Mercury, I agree that Woulfe likely wanted a plan B so as not to be at the mercy of IMC and without funds to repay IMC at the month. But, I sense another possible alternative may be that IMC may have already put Woulfe on notice, expressly or impliedly, that the deal might not be going through as planned, and to be prepared to repay the 5 million, as due, in February, providing Woulfe with time and opportunity to raise the cash.  As noted, if papering the final deal was all that was left, why wouldn't IMC (much earlier and as a matter of protocol) have simply agreed to extend the February Woulfe maturity date of its "future joint venturer?" In the alternative, if IMC was using the loan maturity deadline as yet further leverage (as if they needed any more) against Woulfe, I wouldn't want IMC as a partner.

 I suspect Dundee and/or others may be plan B, and that plan B may have been in the works for some time unbeknownst to us. Certainly, the new Dundee involvement and the planned debentures took a little forward discussion and planning.  With a plan B in place, announcement of an abondonment or replacement of plan A (IMC) wouldn't be so crushing.
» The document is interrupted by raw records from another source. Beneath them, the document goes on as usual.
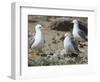 USA, Washington. California Gull and Chicks in Potholes Reservoir-Gary Luhm-Framed Photographic Print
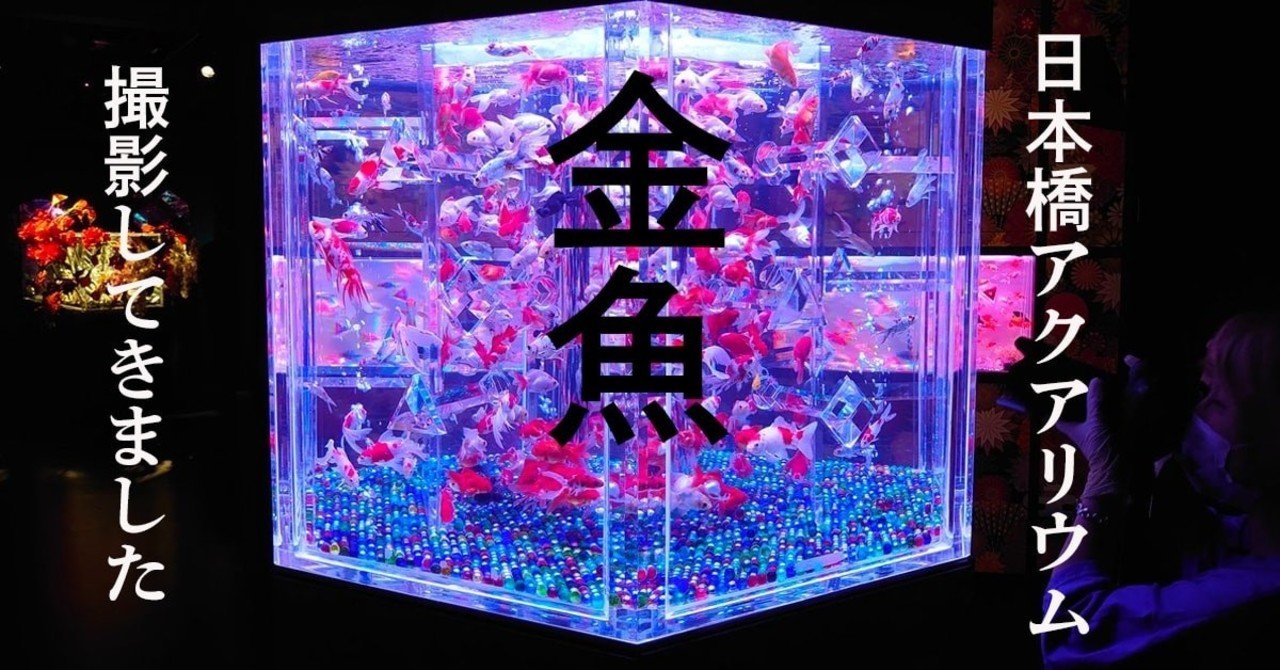 エモい写真大量 日本橋アートアクアリウムで金魚を撮影してきた Shin5 Note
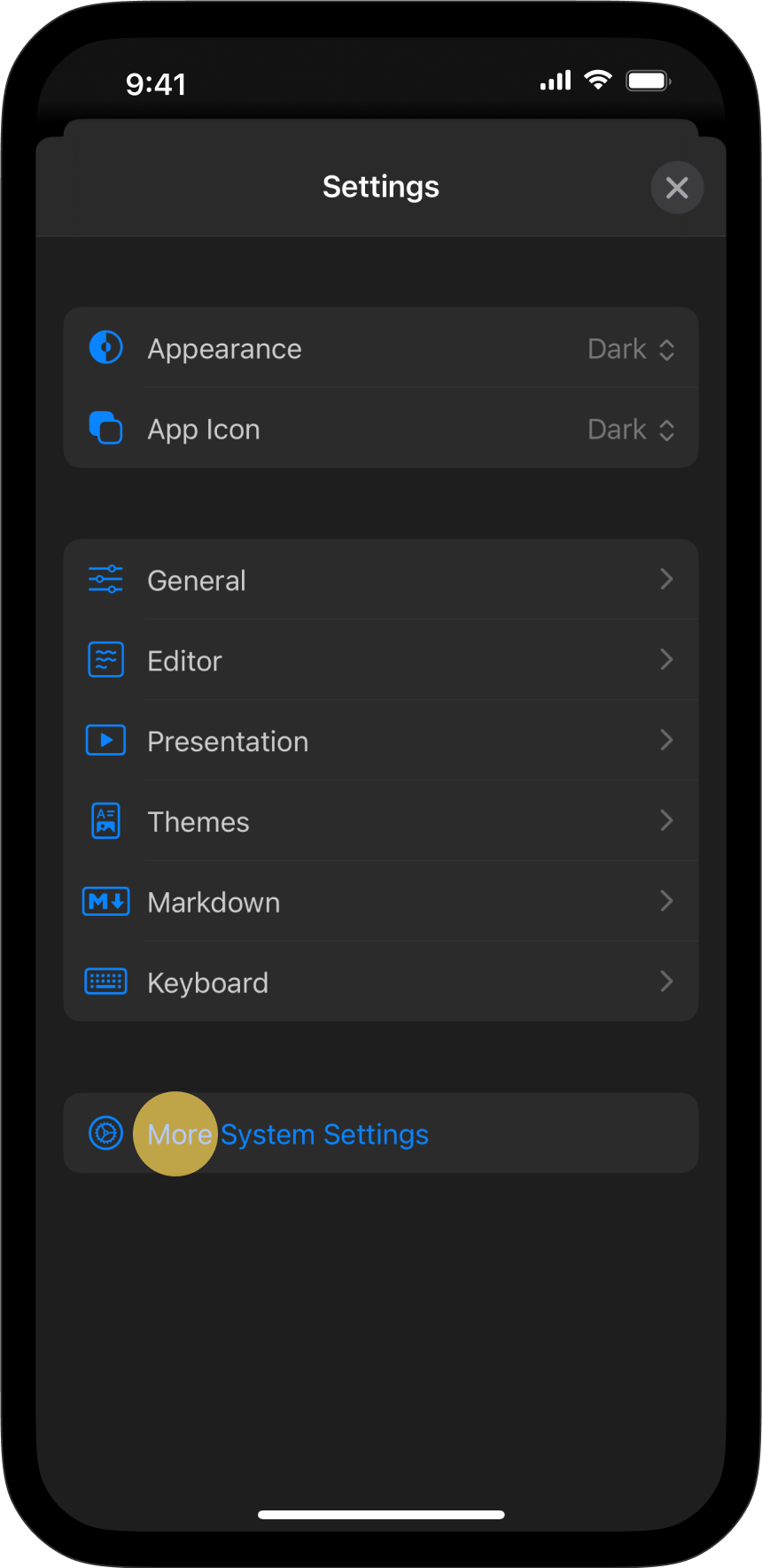 The Settings menu, with More Setting tab highlighted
In that sense, with the right players, there are countless potential plan B's available to structure and/or market Woulfe's wares. 

Frankly, with or without IMC, I can't think of a better turn of events for Woulfe right now than Ned Goodman's involvement, and all that he brings. With his countless wealth of experience, contacts, and access to the capital market, I literally think it is better than having Warren Buffet, himself, sitting on the Woulfe Board of Directors.  If all of that includes IMC on an equal footing, great. If not,  we can sell to IMC later at arms length. 

I realize that all of this is pure speculation, but I guess that is why it is called a bullboard. Seg.